Tourists improperly handle a baby dolphin, including covering its blowhole, Equifac said. Image credit: Facebook/Equinac

Tourists improperly handle a baby dolphin, including covering its blowhole, Equifac said. Image credit: Facebook/Equinac

Baby dolphin dies after tourists manhandle calf in Spain

“All you want is to photograph and poke, even if the animal suffers from stress.”

A suckling baby dolphin died shortly after hundreds of tourists reportedly took photos with it, touched it and surrounded the mammal in southern Spain.

According to Equinac, a local NGO, the female dolphin, who was still of breast-feeding age, was either abandoned or got lost, turning up on a beach in Mojacar that was full of tourists on August 11, 2017.

The group, who posted pictures of the dead dolphin, wrote that hundreds of people rushed to take pictures.

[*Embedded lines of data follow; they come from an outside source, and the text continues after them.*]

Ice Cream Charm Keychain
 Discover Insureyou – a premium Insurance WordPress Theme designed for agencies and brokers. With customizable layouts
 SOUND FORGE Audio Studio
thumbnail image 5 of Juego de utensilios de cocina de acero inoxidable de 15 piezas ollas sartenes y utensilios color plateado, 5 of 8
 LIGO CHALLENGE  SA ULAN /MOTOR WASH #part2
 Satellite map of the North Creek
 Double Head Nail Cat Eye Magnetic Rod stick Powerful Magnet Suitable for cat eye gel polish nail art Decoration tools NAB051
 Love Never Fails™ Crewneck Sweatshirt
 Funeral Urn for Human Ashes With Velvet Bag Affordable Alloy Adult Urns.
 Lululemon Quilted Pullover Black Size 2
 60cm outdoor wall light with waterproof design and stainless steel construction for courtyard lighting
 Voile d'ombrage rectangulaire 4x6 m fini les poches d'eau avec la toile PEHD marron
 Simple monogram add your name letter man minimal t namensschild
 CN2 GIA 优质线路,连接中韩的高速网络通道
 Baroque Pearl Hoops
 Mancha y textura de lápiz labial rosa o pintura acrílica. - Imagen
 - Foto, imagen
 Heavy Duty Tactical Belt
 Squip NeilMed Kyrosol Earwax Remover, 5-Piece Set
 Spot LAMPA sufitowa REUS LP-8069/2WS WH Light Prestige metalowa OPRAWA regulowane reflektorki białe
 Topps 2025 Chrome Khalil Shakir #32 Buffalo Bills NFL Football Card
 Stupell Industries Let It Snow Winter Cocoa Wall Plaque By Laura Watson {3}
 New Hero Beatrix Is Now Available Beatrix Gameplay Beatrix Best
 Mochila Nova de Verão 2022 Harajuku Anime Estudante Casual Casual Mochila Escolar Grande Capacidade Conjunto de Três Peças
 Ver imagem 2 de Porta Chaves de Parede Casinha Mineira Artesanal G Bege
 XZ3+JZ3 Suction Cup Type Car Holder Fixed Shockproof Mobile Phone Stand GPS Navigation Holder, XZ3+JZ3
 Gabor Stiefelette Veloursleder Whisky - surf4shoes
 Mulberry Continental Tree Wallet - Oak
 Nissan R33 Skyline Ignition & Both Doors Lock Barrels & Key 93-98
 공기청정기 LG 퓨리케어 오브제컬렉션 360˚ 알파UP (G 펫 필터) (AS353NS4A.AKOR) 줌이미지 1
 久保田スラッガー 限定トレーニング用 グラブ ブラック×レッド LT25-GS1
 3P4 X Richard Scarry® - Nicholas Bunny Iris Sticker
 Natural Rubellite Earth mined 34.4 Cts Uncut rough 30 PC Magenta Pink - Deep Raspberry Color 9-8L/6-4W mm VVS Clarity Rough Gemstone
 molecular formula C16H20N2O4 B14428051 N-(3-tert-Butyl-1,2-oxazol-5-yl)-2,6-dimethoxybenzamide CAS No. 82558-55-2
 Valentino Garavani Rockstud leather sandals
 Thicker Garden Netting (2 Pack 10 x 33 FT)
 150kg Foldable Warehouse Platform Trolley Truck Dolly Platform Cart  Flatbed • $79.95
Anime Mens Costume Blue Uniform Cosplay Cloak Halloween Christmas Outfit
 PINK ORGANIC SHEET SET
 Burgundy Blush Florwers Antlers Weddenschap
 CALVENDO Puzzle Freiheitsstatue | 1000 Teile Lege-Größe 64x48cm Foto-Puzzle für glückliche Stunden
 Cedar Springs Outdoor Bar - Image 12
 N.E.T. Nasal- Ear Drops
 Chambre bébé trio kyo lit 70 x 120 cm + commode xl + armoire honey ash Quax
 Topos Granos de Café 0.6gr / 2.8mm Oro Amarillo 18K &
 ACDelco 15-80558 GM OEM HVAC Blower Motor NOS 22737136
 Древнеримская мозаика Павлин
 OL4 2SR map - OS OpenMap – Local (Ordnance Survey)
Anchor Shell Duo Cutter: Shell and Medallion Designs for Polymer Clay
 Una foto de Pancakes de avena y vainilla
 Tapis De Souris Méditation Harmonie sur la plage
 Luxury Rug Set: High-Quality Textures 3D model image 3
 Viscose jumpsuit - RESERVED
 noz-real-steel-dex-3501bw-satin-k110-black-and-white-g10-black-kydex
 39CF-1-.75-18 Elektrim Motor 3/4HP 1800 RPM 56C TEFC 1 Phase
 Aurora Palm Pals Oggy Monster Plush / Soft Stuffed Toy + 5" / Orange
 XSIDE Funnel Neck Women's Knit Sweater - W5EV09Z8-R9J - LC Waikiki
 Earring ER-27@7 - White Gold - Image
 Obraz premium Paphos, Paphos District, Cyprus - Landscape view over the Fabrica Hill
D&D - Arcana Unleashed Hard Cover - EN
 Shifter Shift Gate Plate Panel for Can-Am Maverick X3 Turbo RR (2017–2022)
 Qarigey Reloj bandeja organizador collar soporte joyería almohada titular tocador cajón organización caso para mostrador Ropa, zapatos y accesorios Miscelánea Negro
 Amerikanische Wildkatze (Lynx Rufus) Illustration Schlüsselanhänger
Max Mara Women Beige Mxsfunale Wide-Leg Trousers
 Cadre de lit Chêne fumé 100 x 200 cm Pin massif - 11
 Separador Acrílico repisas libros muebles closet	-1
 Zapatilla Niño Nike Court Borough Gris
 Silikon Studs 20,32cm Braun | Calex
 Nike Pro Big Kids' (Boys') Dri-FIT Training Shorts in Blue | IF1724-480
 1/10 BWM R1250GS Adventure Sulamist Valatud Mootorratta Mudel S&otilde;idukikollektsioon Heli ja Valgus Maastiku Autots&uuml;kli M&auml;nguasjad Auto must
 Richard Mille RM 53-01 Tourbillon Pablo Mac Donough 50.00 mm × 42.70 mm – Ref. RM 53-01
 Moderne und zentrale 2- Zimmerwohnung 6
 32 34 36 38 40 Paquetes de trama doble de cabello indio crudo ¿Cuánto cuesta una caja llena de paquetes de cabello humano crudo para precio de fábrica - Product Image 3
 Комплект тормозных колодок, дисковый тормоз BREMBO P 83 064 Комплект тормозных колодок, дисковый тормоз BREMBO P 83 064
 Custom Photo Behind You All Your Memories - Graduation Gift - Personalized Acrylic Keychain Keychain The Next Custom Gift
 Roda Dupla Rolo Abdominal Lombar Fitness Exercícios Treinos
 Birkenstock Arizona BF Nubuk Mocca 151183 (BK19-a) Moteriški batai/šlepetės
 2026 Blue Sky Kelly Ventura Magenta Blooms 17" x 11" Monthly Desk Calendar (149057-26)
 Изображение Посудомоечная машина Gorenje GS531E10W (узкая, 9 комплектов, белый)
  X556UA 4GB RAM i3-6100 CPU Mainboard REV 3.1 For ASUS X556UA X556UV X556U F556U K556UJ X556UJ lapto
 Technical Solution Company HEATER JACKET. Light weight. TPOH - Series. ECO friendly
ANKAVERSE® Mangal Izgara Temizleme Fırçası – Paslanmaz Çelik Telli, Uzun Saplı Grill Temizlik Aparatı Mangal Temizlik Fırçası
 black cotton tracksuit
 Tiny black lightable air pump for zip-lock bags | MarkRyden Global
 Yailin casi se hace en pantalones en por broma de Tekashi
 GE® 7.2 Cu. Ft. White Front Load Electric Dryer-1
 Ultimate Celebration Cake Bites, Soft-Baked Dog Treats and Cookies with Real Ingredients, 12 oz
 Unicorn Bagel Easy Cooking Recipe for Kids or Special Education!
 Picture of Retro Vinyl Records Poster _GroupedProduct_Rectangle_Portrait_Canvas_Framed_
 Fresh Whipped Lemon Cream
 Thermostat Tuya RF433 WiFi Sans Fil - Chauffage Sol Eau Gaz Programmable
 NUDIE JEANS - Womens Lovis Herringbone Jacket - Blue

Rescuers were called to the scene, but the animal died before they arrived.

“Once again we note that the human being is the most irrational species that exists, there are many incapable of empathy for a living being alone, scared, starved, without his mother and terrified, because of many of you, in your selfishness,” the organization wrote in a Facebook post.

“All you want is to photograph and poke, even if the animal suffers from stress.”

On top of people manhandling the infant animal, the group reports people also had no idea how to handle a dolphin properly and were even covering its blow hole in pictures, suffocating the calf.

While the group does not blame the tourists entirely for the dolphin’s death, they do note they were contributing factors.

“This offspring ranged from being sick or losing her mother, without which she can not survive, but crowding her to photograph and touch her, of course that causes these animals to enter a state of very high stress,” added Equinac.